Neurotrophins are likely to have diverged from a
common ancestor. Present time neurotrophins may still share common
determinants of binding to different Trk family members, while their
variable regions have probably evolved through the acquisition of
specific binding determinants that allow specificity. Why have the
interactions of NT-3 with TrkA and TrkB been preserved during
neurotrophin evolution? Are these molecular relics of interactions
between ancestral neurotrophins and Trks? The fact that the
R31A+H33A mutation did not affect binding to TrkC suggests that
these residues could not have been maintained because of their
importance in TrkC binding as they are dispensable for binding to this
receptor.
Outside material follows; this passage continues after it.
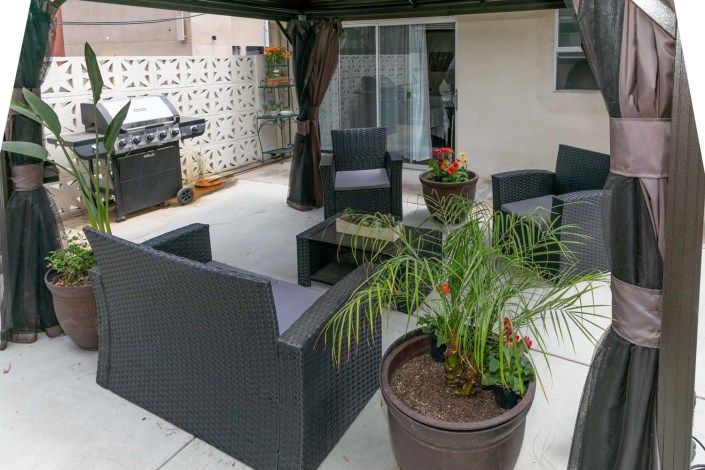 A cozy patio setup with wicker furniture and potted plants.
On the other hand, the complete inability of the
R31A+H33A mutant to interact with p75 suggests
that a need to maintain binding to the low affinity receptor could have
imposed evolutionary constraints to the rate of divergence of these
residues. Thus, NT-3 binding to TrkA and TrkB may be an indirect
consequence of the overlap with the p75
binding site,
suggesting that non-cognate interactions of NT-3 with TrkA and TrkB may
be physiologically irrelevant. Alternatively, NT-3 could have yet
unknown functions, required for normal development and survival,
mediated via TrkA and TrkB. The physiological relevance of the
interactions of NT-3 with p75
, TrkA, and TrkB receptors
could directly be addressed by introducing the R31A+H33A mutant
gene into NT-3 -/- mice(42) .
In this report, we describe a monospecific mutant NT-3 that exhibits normal activities toward TrkC, although it is unable to bind or to activate TrkA and TrkB. Because neurotrophins are being developed as therapeutic agents for nerve injury and neurodegenerative diseases, it is important to consider the potential effects of NT-3 on neurons expressing TrkA and TrkB in addition to those that express TrkC. In this respect, the mutant NT-3 described here may be of greater advantage than native NT-3 when a therapeutic treatment needs to be specifically targeted to TrkC-expressing neurons.